The FDIC and Federal Reserve are weighing creating a fund that would allow the regulators to backstop more deposits at banks
The FDIC and the Federal Reserve are weighing creating a fund that would allow the regulators to backstop more deposits at banks that run into trouble following Silicon Valley Bank’s collapse, per Bloomberg.
Regulators discussed the new special vehicle in conversations with banking executives and hope such a measure would reassure depositors and help contain any panic, the report said.
The U.S. Federal Reserve declined to comment on the report, while FDIC did not immediately respond to a Reuters request for comment.
The CEO of Silicon Valley Bank was on the board of directors of the Federal Reserve Bank of San Francisco.
On Friday, SVB Financial Group Chief Executive Officer Greg Becker was no longer a director of the Federal Reserve Bank of San Francisco, according to a Fed spokesman.
He became a Class A director of the San Francisco Fed’s head office board in 2019.
The three Class A directors are elected by member banks and are not involved in the selection of the reserve bank’s leadership, who are appointed by the Class B and Class C directors, per Bloomberg.
Notably, a previous executive worked at Lehmans: Joseph Gentile.
He was the Chief Administrative Officer at Silicon Valley Bank.
Prior to joining the firm in 2008, he served as the CFO for Lehman Brothers’ Global Investment Bank.

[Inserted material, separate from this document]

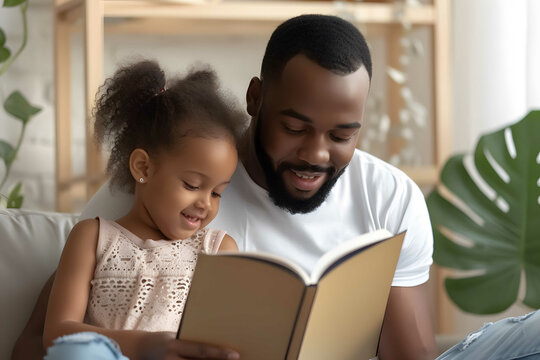 Close-up portrait of a black father reading a bedtime story book with his toddler son. They are sitting up together in bed and smiling. Image created with Generative AI technology.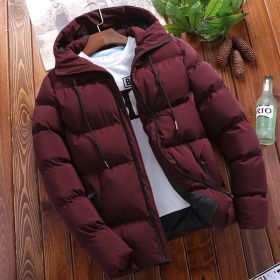 Winter Men's Solid Color Hooded Padded Coat (Option: Wine Red-L)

Lehman Brothers' collapsed in 2007.
His bio further says: Prior to that, he served as CFO of the Global Corporate and Investment Bank at Bank of America, where he led the Capital Markets Division. In addition he was the CFO for the Private Bank. Previously, Mr. Gentile spent more than 10 years with J.P. Morgan in various financial management positions, including Global Head of Financial Risk Management. He started his career at Arthur Andersen.